I am passionate about bringing the joy of astronomy to underserved communities. I look for remote areas where no one else is going, and I also look on my doorstep where there are needs that aren’t being met. Astronomy is so visual and bridges all communities. It is a great way to get people engaged in science and motivated to learn more about the world around them. We’re in a massive universe and there’s so much to discover.
Expedition outreach around the world: Indonesia (left), Chile (middle), Columbia (right)
My expedition outreach projects are about astronomy as a visual tool to motivate the wonder of science.
I’ve always liked to go on adventurous vacations to remote areas, and I would usually bring some solar glasses or a small telescope. As I saw people’s reactions to this outreach, I was motivated to become more organized, create lesson plans, and get better equipment. I’ve done expedition type outreach projects to some very remote areas in Morocco, Indonesia, Cameroon, but the largest project was in Colombia.
Together with a friend who’s an ecologist, we spent two and a half months traveling the Colombian Andes from north to south. We went to very remote communities with paragliders and horses, so that we could bring our two telescopes and enough workshop materials.

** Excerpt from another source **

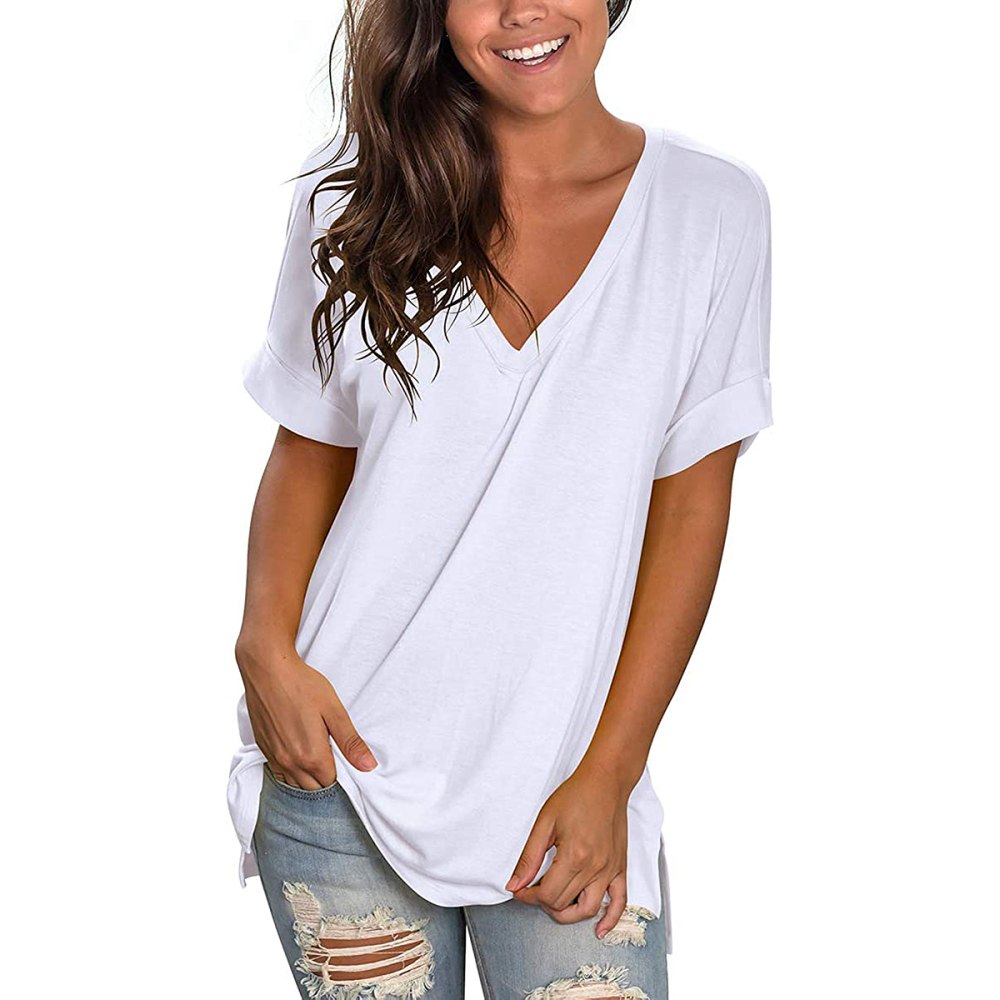 sampeel-white-tee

Our lesson plans together would go from Earth to space and back.
"Under the Same Eclipse" local outreach project with Pasadena Unified School District, teacher training (left), school visit (middle), and eclipse day (right).
Here in Pasadena, I started a project called “Under the Same Eclipse” that reached almost 2500 local students. I secured a sponsorship from Meade Instruments to place telescopes in six schools, both solar and day/night telescopes. I first met with the teachers to identify their needs and to plan the project, then trained the teachers to use the telescopes.
Once school had started again after the summer break, I received support from other members of Galileo Mobile, an outreach group that I am a part of, who helped run day-long workshops with the schools. We taught lessons around the Sun and its magnetism using iron shavings and magnets. The highlight was to actually observe the solar activity through the telescopes at the end of the day. We could see sunspots and even filaments from solar eruptions thanks to the H-alpha telescope. This of course all led up to having a safe, fun, educational way to view the solar eclipse at their schools and to have a deeper understanding of the astrophysics behind the event. Projects like these can really bring people together, and realize we are all on the same spacecraft called Earth.
Scientific outreach is for me a true passion in every respect: I find it important to share our astronomical discoveries, to educate about the cosmos - and above all to trigger this imagination that there is so much more out there. Again - we barely only know 5 percent of this incredible Universe, I am working on the almost 26 percent dark matter (with many others, who also try to understand the 69 percent dark energy -- and the 5 percent normal matter…). So there is so much left to explore and discover!